Campaigning on the slogan ‘decisions not delays’, Barnett has promised to go ahead with the scheme without waiting for feasibility studies, environmental assessments or any of the other impediments of bureaucratic rationality. The evidence supporting the proposal appears to consist of some very slim documents proposed by project proponent Tenix.
Even a moment’s scrutiny of these documents indicates some obvious problems. For example, the feasibility of the project is supported by reference to the “1,065 km Californian Aqueduct’, built in the early 1900s. The Aqueduct’s own website states its length at 223 miles (less than 400 km).
But the real problems are with the economics. Barnett has promised to deliver water at $1 a kilolitre, but this can’t be done, even on the most optimistic assumptions. Taking Tenix’s claimed construction cost of $2 billion, and a very conservative EBITDA ratio of 10, the capital costs for the project would be $200 million a year. Even at the claimed maximum flow of 200 gigalitres a year, this would use up the whole $1/kl without allowing anything for pumping, maintenance, treatment or reticulation.

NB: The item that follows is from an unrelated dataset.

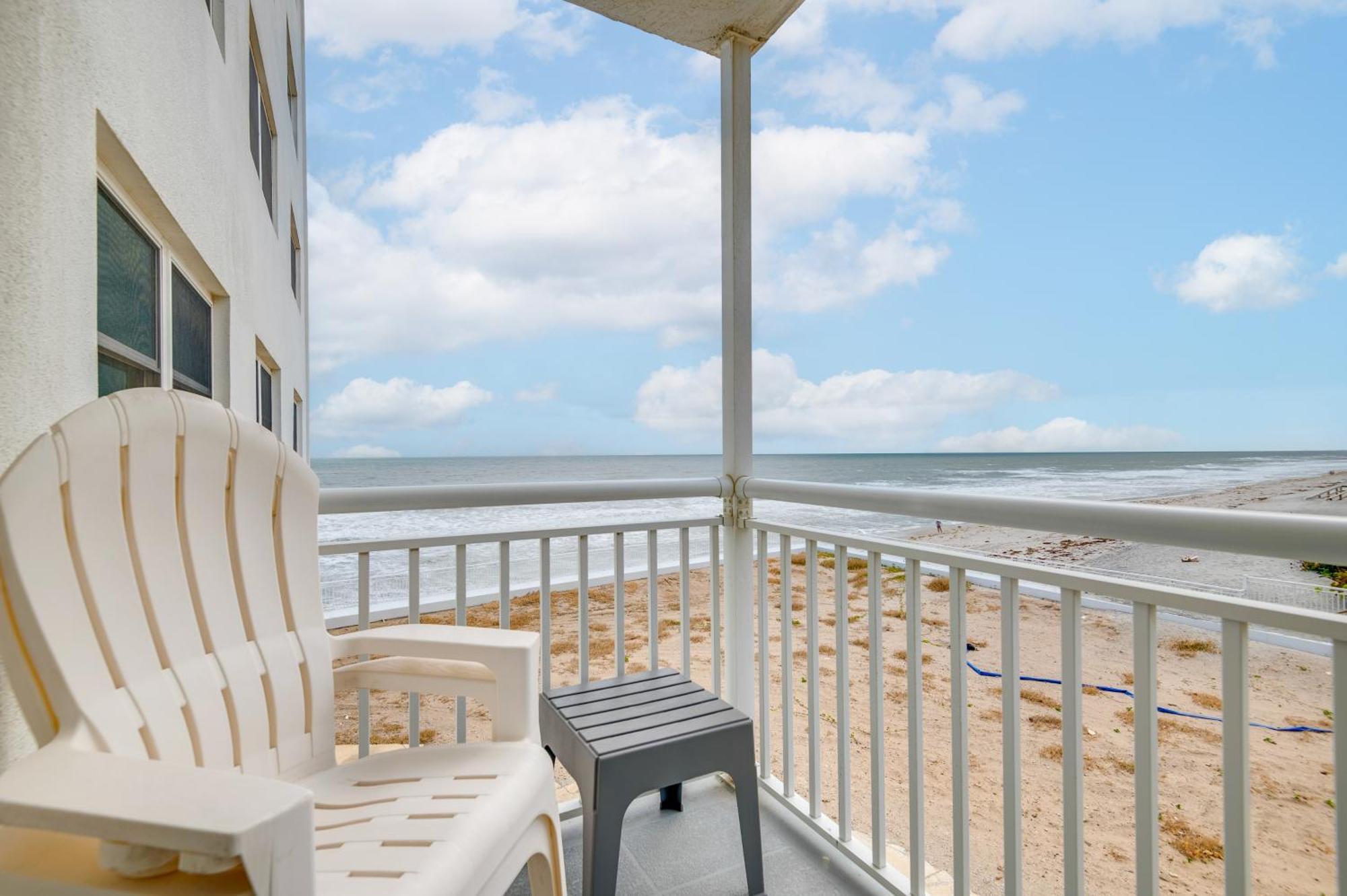 Walk To Shore Satellite Beach Condo With Ocean View ภายนอก รูปภาพ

More plausible estimates for construction costs, including staging costs, are up to $4 billion, and a more likely estimate for total capital costs (return on capital, depreciation and amortisation) is 12.5 per cent, putting the capital costs alone at $2.50/kl. In addition, each kl of water is a tonne of matter that has to be pumped 3700km, with little help from gravity. That’s not going to be cheap. The WA Treasury has estimated the delivered costs at $6.50/kl, compared to current prices ranging from $0.41 to $1.50.
Then there’s the fact that the proposal is a BOOT scheme, with the illusory benefit of handing the project back to the public after 40 years. Of course, there is no free lunch here. The cost is built into prices, usually with a handsome profit margin built in.

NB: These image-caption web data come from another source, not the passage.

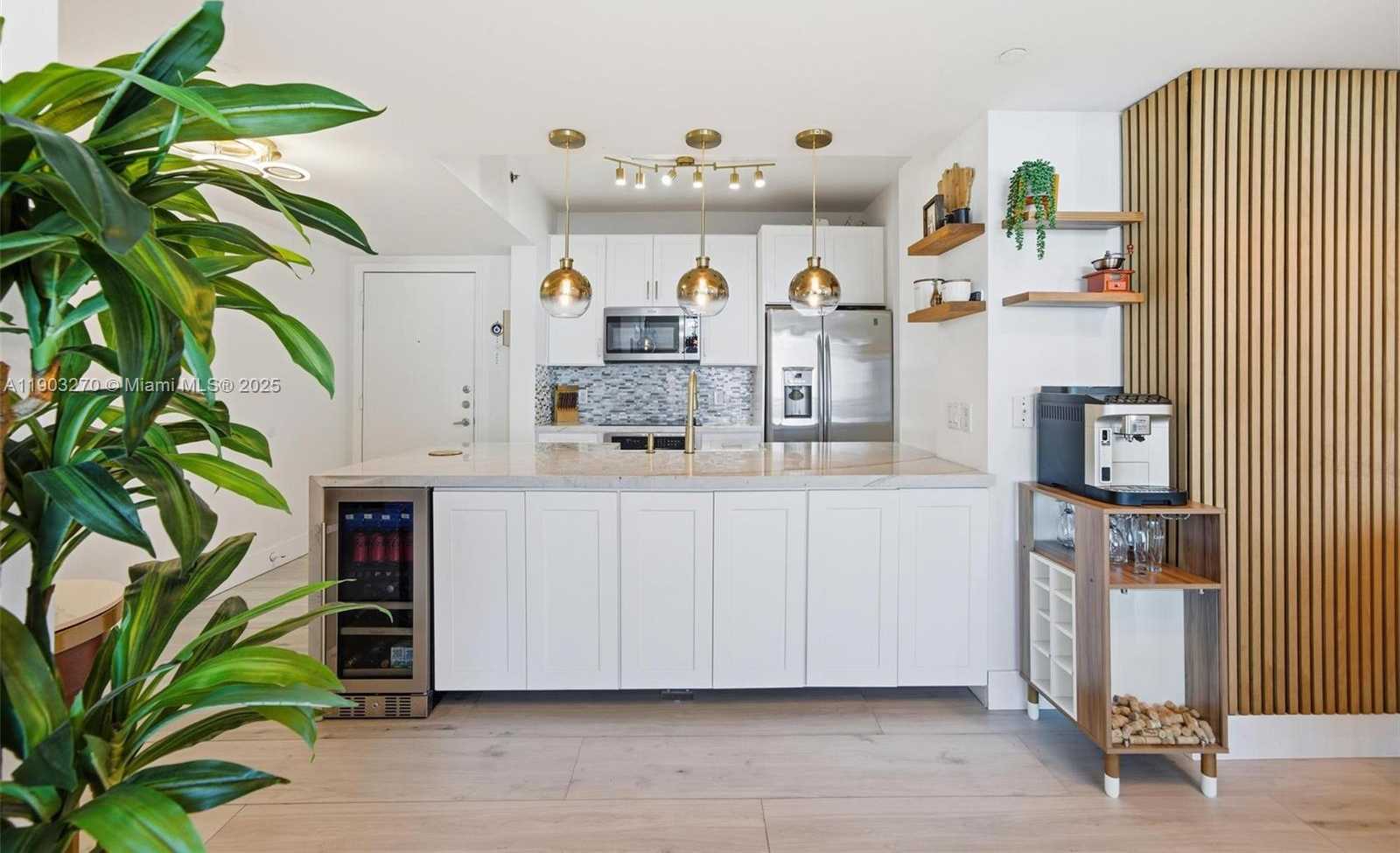 Small Image of 951 BRICKELL AVE #3504, Miami Number 17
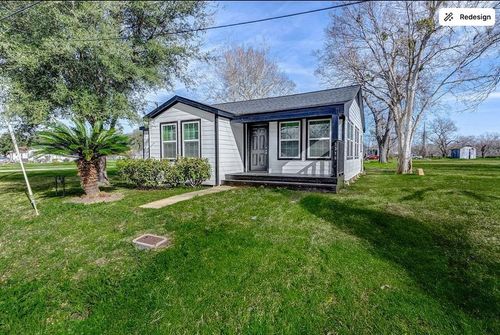 1316 Bailey St, Wharton, TX, 77488-3604 | Card Image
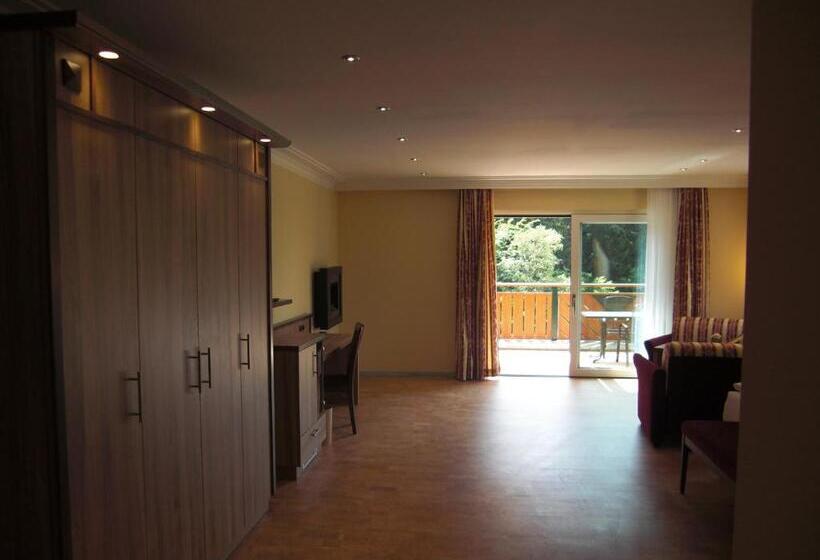 スーペリアールーム, Wald Hotel Heppe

It gets worse. The Tenix proposal is based on the assumption that all the water is sold to residential users, but Barnett has talked of diverting up to 80GL each year to irrigators. This will no doubt do wonders for the politics of the proposal but it will be awful for the economics. There’s no way irrigators will be able to pay any more than the pumping costs (if that). Even $1/kl is $1000 a megalitre, which would render most irrigated crops uneconomic. That means that all the capital and maintenance costs will have to be spread over, at most, 120 GL of residential use, so the costs for residential users could be as high as $10/kl. At this price, fanciful options like transporting icebergs from Antarctica start to look attractive.
But even at much lower prices, market forces would resolve the problem. A mere doubling of prices would induce a reduction in water use, and would bring forth alternative sources of supply, such as repurchase of water currently used for irrigation. Then there’s the backstop option of desalinisation, already under way on a relatively small scale.
It’s just possible that careful study could show that the kinds of problems raised above can be overcome, and that the canal option is a feasible one. But there’s no time for such a study before the election.
Unless he can present a better case than he has done so far, it seems quite likely that this proposal will cost Barnett an election he seemed to have in the bag. This episode, and Labor’s difficulties with Medicare Gold, provide a harsh lesson for Opposition parties. If you have a complex and innovative policy, it’s better to put it out for scrutiny well in advance of the election, and risk having the government steal it, than to try and defend it, perhaps unsuccessfully, in the heat of an election campaign.
John Quiggin is an Australian Research Council Federation Fellow in Economics and Political Science at the University of Queensland.